§ EXERCISE DATA:
++++++++
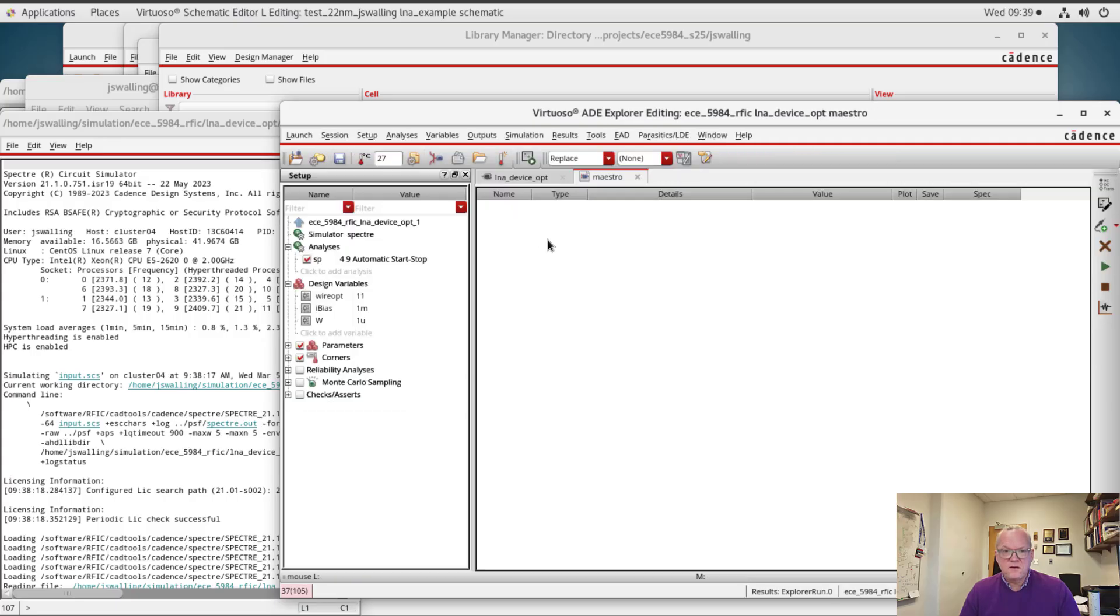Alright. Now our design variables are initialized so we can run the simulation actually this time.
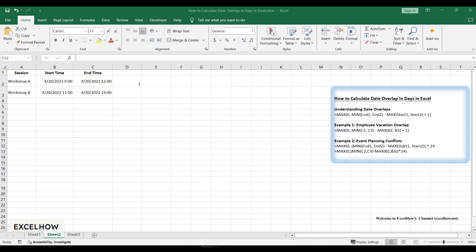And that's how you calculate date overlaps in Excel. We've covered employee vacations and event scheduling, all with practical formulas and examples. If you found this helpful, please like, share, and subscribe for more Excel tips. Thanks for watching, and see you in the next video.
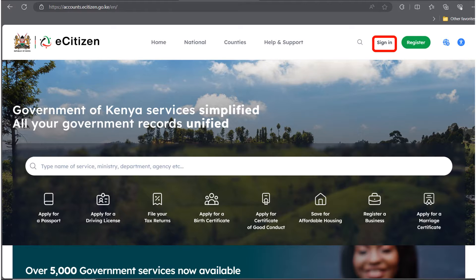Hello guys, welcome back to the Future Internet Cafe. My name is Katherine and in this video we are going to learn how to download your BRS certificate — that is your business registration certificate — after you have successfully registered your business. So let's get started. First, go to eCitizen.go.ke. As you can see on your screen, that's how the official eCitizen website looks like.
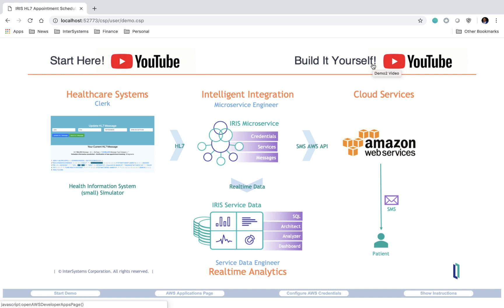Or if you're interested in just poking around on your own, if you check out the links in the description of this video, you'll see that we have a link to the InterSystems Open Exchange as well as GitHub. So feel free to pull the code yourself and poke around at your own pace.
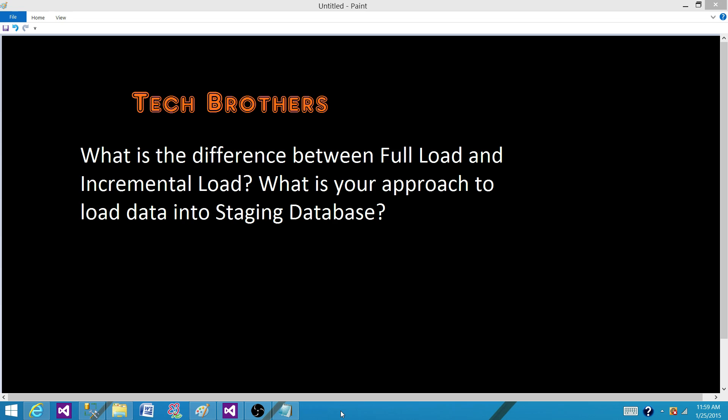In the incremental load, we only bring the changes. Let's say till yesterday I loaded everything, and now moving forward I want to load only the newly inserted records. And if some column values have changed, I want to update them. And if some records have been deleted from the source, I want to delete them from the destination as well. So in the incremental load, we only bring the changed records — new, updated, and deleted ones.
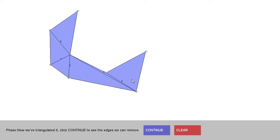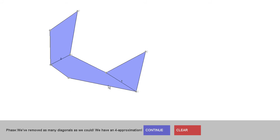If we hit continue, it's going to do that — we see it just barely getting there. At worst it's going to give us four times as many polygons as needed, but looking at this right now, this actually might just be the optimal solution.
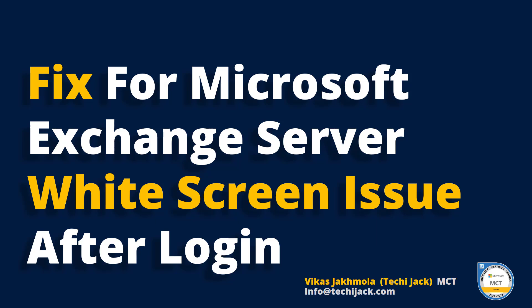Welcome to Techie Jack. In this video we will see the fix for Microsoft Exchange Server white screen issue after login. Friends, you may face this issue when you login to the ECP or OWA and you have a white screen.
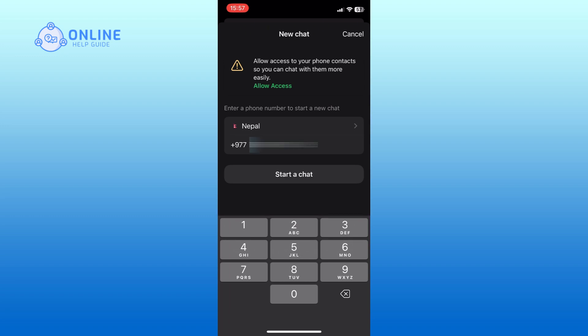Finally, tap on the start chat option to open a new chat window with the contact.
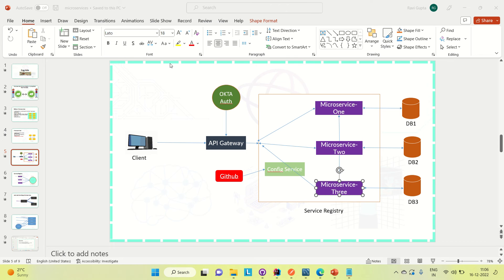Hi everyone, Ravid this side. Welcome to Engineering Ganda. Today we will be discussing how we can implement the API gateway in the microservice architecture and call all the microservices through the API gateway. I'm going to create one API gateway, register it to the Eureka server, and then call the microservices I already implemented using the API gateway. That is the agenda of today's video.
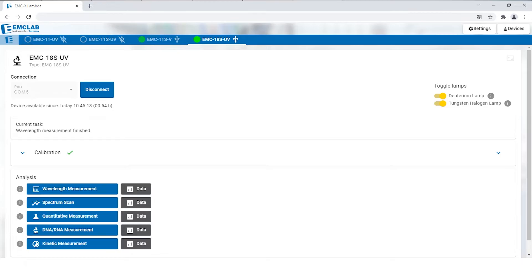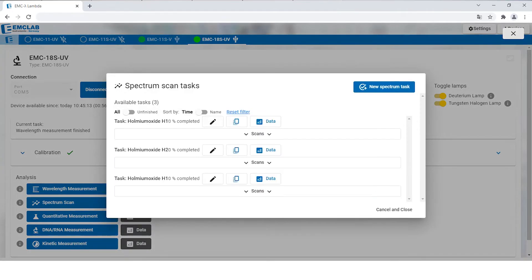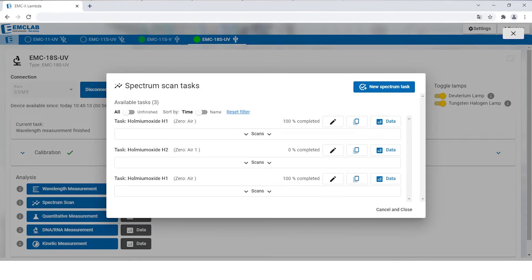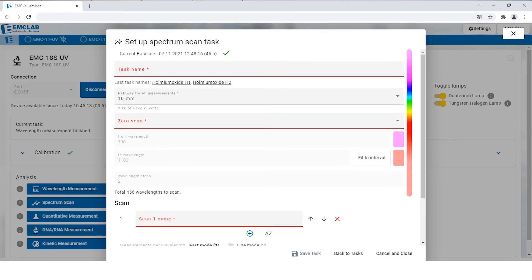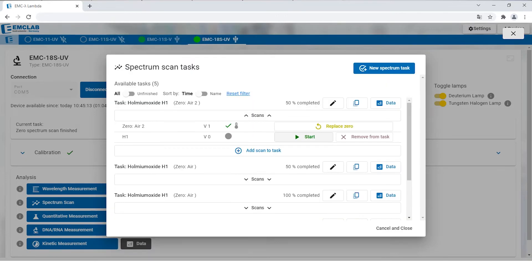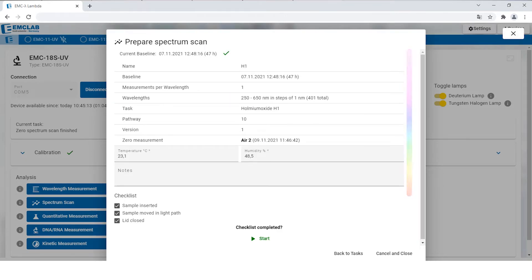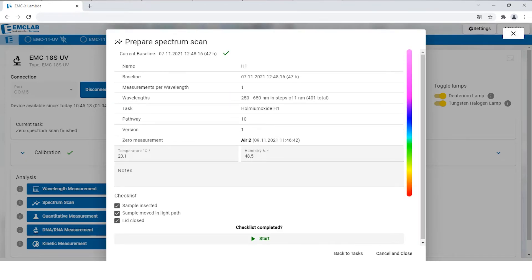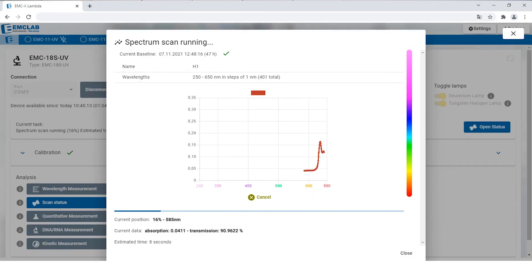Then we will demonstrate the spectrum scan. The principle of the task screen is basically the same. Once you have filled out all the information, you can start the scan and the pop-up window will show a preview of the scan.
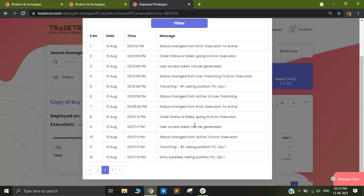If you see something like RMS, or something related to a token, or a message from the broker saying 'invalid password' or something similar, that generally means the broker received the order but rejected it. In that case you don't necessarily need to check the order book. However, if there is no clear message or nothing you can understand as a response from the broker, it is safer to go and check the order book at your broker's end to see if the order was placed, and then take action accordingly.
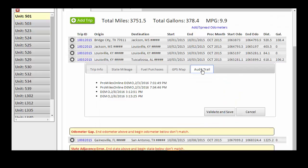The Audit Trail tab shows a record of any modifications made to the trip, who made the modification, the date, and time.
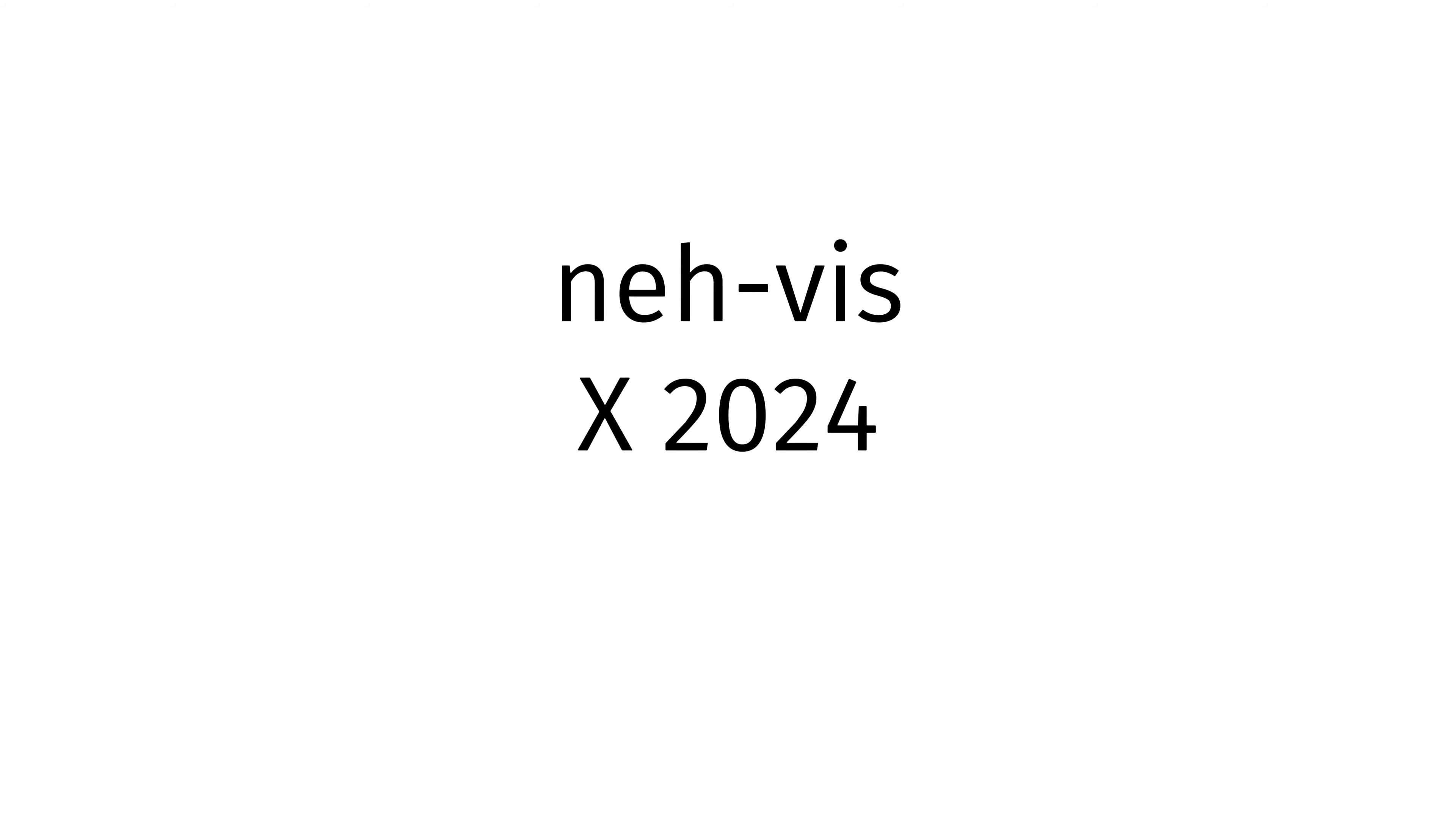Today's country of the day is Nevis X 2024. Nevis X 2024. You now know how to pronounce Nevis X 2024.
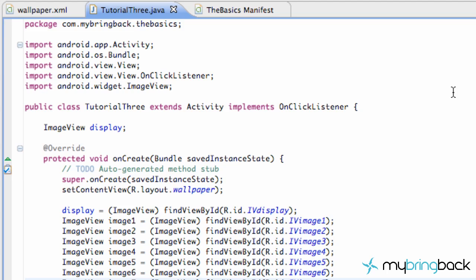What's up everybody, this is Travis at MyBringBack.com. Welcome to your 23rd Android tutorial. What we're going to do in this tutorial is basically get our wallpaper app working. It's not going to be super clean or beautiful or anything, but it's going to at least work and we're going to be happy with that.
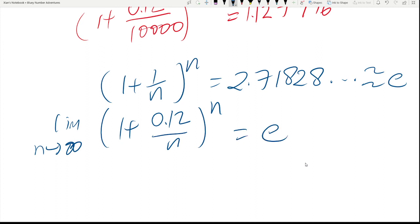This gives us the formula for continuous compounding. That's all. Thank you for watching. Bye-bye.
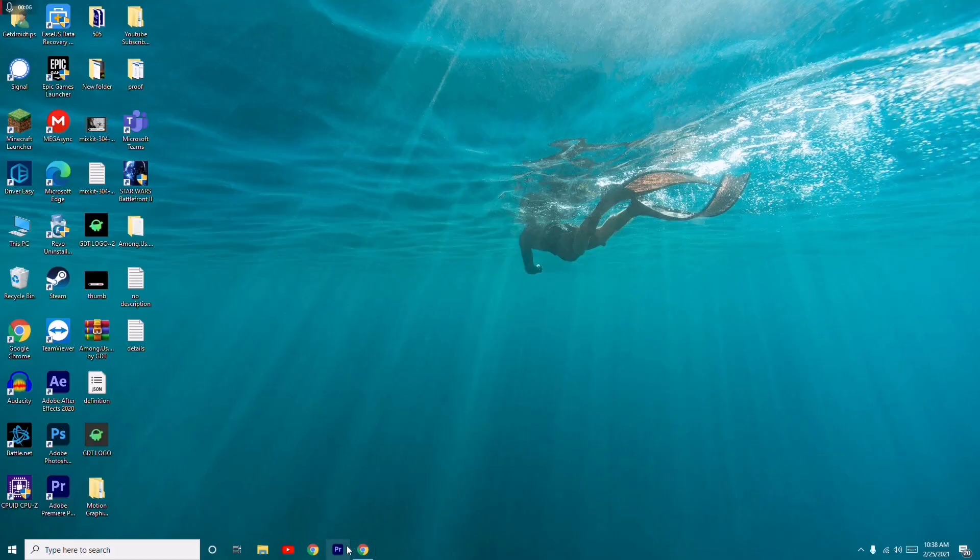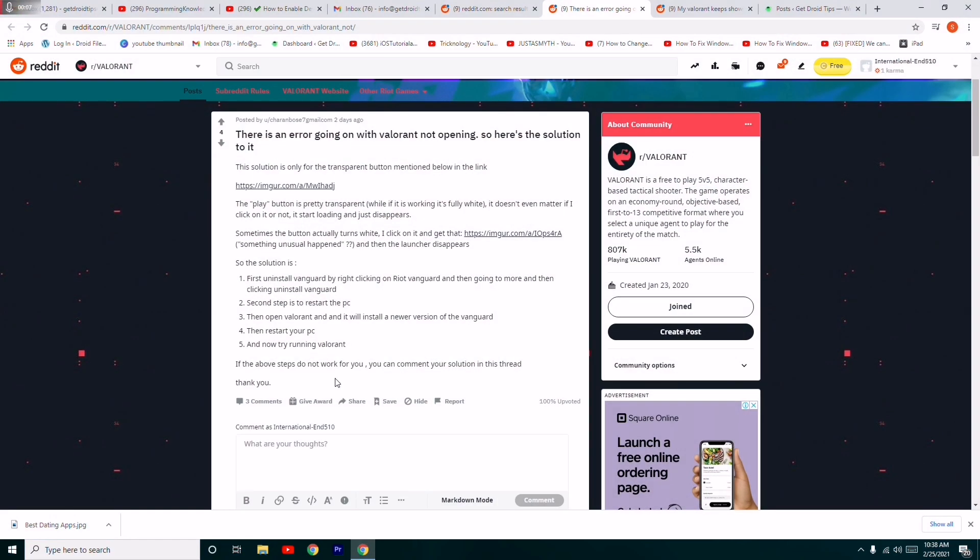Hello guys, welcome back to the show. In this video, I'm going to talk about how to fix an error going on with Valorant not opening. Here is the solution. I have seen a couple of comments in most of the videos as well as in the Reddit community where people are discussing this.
++++++++
§ YOUR TASK: Every line of the data above should be returned exactly, with the pictures removed.

§ YOUR RESPONSE:
Alright. Now our design variables are initialized so we can run the simulation actually this time.
And that's how you calculate date overlaps in Excel. We've covered employee vacations and event scheduling, all with practical formulas and examples. If you found this helpful, please like, share, and subscribe for more Excel tips. Thanks for watching, and see you in the next video.
Hello guys, welcome back to the Future Internet Cafe. My name is Katherine and in this video we are going to learn how to download your BRS certificate — that is your business registration certificate — after you have successfully registered your business. So let's get started. First, go to eCitizen.go.ke. As you can see on your screen, that's how the official eCitizen website looks like.
Or if you're interested in just poking around on your own, if you check out the links in the description of this video, you'll see that we have a link to the InterSystems Open Exchange as well as GitHub. So feel free to pull the code yourself and poke around at your own pace.
In the incremental load, we only bring the changes. Let's say till yesterday I loaded everything, and now moving forward I want to load only the newly inserted records. And if some column values have changed, I want to update them. And if some records have been deleted from the source, I want to delete them from the destination as well. So in the incremental load, we only bring the changed records — new, updated, and deleted ones.
If we hit continue, it's going to do that — we see it just barely getting there. At worst it's going to give us four times as many polygons as needed, but looking at this right now, this actually might just be the optimal solution.
Welcome to Techie Jack. In this video we will see the fix for Microsoft Exchange Server white screen issue after login. Friends, you may face this issue when you login to the ECP or OWA and you have a white screen.
Finally, tap on the start chat option to open a new chat window with the contact.
Hi everyone, Ravid this side. Welcome to Engineering Ganda. Today we will be discussing how we can implement the API gateway in the microservice architecture and call all the microservices through the API gateway. I'm going to create one API gateway, register it to the Eureka server, and then call the microservices I already implemented using the API gateway. That is the agenda of today's video.
Then we will demonstrate the spectrum scan. The principle of the task screen is basically the same. Once you have filled out all the information, you can start the scan and the pop-up window will show a preview of the scan.
If you see something like RMS, or something related to a token, or a message from the broker saying 'invalid password' or something similar, that generally means the broker received the order but rejected it. In that case you don't necessarily need to check the order book. However, if there is no clear message or nothing you can understand as a response from the broker, it is safer to go and check the order book at your broker's end to see if the order was placed, and then take action accordingly.
The Audit Trail tab shows a record of any modifications made to the trip, who made the modification, the date, and time.
Today's country of the day is Nevis X 2024. Nevis X 2024. You now know how to pronounce Nevis X 2024.
What's up everybody, this is Travis at MyBringBack.com. Welcome to your 23rd Android tutorial. What we're going to do in this tutorial is basically get our wallpaper app working. It's not going to be super clean or beautiful or anything, but it's going to at least work and we're going to be happy with that.
This gives us the formula for continuous compounding. That's all. Thank you for watching. Bye-bye.
Hello guys, welcome back to the show. In this video, I'm going to talk about how to fix an error going on with Valorant not opening. Here is the solution. I have seen a couple of comments in most of the videos as well as in the Reddit community where people are discussing this.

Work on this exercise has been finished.